First, it’s said that Saint Patrick used a shamrock to explain the holy trinity. As a plant with three connected clovers, the metaphor became quite clear: three parts to one equal body. This metaphor is still one that is used today to explain the trinity. Another legend regarding Saint Patrick is his banishment of the snakes in Ireland. Legend states that during one of his 40 day fasts, St. Patrick was attacked by a group of snakes. As a result, Saint Patrick chased the snakes into the sea and thereby banished them from Ireland altogether. This is widely believed, as Ireland is still known as a country with no native snakes. These are just two examples of the countless legends, landmarks, and artifacts that are connected to the life of Saint Patrick.

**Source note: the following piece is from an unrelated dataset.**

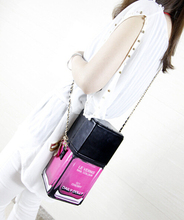 2014 women’s fashion handbag personalized nail polish oil small fresh cosmetic bag messenger/shoulder/cross-body bag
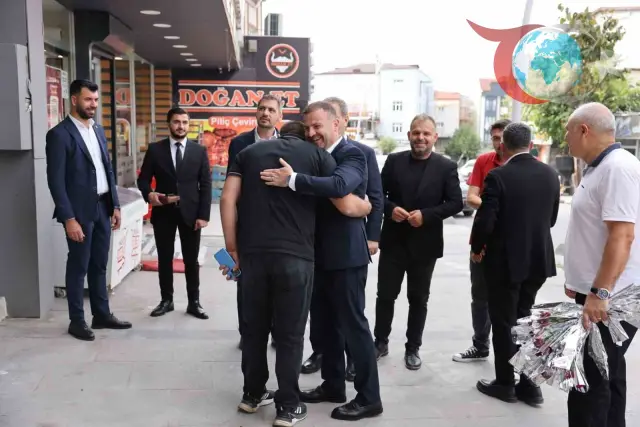 Mustafa Şen: "Türkiye Yüzyılı Vizyonu ile Güçlü Adımlar Atıyoruz"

As previously mentioned, Saint Patrick’s actual birth and death dates or not known, but many believe that he died at some point during the 5th century on March 17th, which would later become his feast day. By the 7th century, Patrick became known as a Catholic saint and is still celebrated to this day. Saint Patrick’s story is one of true inspiration. Sometimes the situations we find most discouraging or difficult are the ones most beneficial to our spiritual life. By trusting and listening to God, every situation can be made into an opportunity to spread the word of Christ to the world.

 

Post written by Katie Karpinski

 

Springing Forward: Where are you on your grief journey?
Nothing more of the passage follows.